Comme pour les données masculines, l'évaluation de la FIFA excluait les transferts entre clubs opérant dans le même pays.

L'Angleterre domine les tables financières

Les équipes basées en Angleterre ont une fois de plus enregistré les dépenses de transfert les plus importantes, dépensant 363 millions de dollars pour des joueurs venant de l'étranger.

Ces mêmes clubs ont généré 150 millions de dollars grâce aux ventes à des équipes étrangères, ce qui laisse un déficit net important sur le marché international.

L'Italie se classe deuxième en termes de dépenses, avec 283 millions de dollars, tandis que le Brésil, l'Allemagne et la France complètent le top cinq des pays les plus dépensiers.

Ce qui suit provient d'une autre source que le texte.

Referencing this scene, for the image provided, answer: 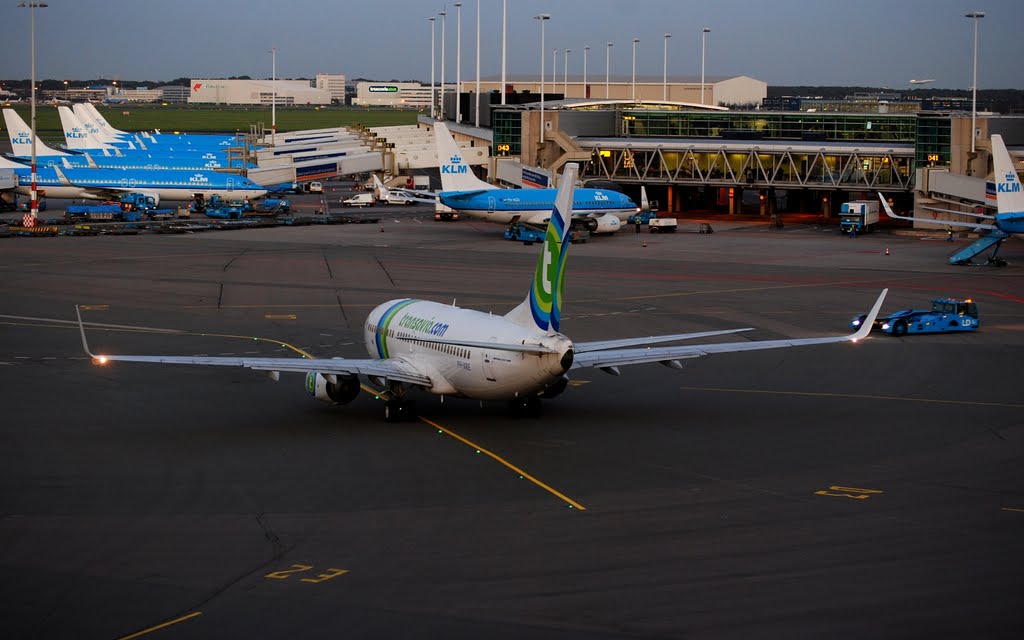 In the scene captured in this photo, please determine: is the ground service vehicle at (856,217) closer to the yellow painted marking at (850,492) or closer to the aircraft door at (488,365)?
the aircraft door at (488,365)

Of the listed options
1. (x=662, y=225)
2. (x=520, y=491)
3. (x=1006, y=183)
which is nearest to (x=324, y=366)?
(x=520, y=491)

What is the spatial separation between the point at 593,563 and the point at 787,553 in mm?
4464

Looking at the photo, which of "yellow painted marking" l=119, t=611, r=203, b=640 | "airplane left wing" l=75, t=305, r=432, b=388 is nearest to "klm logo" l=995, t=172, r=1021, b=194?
"airplane left wing" l=75, t=305, r=432, b=388

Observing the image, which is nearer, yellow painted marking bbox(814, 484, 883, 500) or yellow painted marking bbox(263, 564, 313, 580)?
yellow painted marking bbox(263, 564, 313, 580)

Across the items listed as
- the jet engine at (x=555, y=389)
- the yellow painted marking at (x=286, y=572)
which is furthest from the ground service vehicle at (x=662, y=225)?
the yellow painted marking at (x=286, y=572)

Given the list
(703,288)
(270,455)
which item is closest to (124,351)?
(270,455)

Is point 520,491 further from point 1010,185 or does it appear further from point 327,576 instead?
point 1010,185

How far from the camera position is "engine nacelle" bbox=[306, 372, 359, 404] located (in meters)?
42.3

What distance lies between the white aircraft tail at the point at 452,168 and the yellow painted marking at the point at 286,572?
262 ft

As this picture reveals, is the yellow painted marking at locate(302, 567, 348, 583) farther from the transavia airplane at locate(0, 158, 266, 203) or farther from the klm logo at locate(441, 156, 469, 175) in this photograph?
the transavia airplane at locate(0, 158, 266, 203)

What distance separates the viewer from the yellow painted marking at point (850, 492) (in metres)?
33.0

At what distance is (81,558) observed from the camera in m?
27.7

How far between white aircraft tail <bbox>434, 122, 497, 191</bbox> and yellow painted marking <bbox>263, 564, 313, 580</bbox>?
7983 cm

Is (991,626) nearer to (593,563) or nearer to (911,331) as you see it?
(593,563)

Les vendeurs en profitent dans plusieurs ligues

Les clubs français se sont révélés être les plus lucratifs, récoltant 218 millions de dollars grâce aux transferts vers des clubs étrangers.

Les équipes italiennes et brésiliennes ont suivi de près, l'Angleterre et l'Espagne figurant également parmi les principaux exportateurs de talents.

De l'autre côté de l'Atlantique, les clubs américains ont investi 99 millions de dollars et en ont perçu 48 millions grâce aux ventes internationales, selon les chiffres de la FIFA.

La domination anglaise s'étend au football féminin

Sur le marché féminin, les organisations anglaises arrivent également en tête des dépenses, avec plus de 5 millions de dollars investis dans les nouvelles joueuses.

Ils ont également dominé le classement des gains, en réalisant le meilleur retour sur investissement grâce aux transferts internationaux.

Ce double leadership a souligné le rôle financier prépondérant de l'Angleterre dans les deux camps du football mondial durant le mercato hivernal.